Input data:
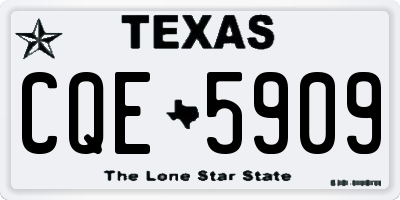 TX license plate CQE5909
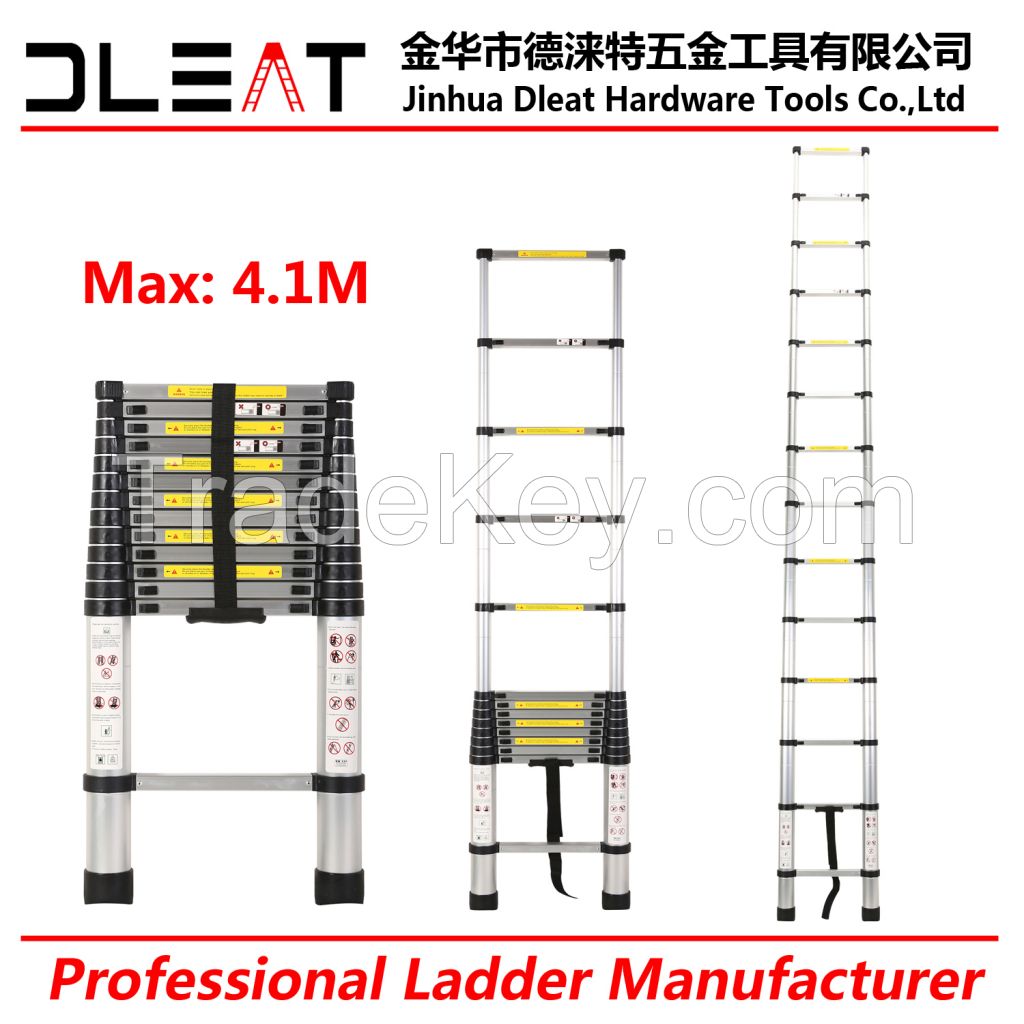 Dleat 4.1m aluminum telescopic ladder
==
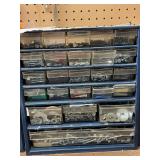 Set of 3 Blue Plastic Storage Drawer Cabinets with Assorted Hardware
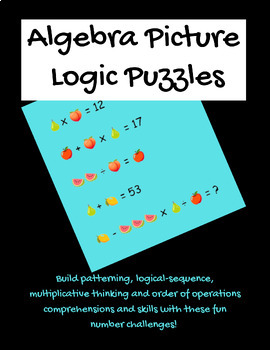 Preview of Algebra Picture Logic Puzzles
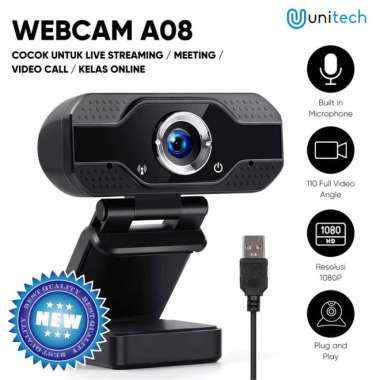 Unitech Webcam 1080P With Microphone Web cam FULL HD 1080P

Instructions for the task: Take the lines above starting at the one containing "Set of 3 Blue" and ending at the one containing "Unitech Webcam 1080P", and print them again exactly, without pictures.

Written response:
 Set of 3 Blue Plastic Storage Drawer Cabinets with Assorted Hardware
 Preview of Algebra Picture Logic Puzzles
 Unitech Webcam 1080P With Microphone Web cam FULL HD 1080P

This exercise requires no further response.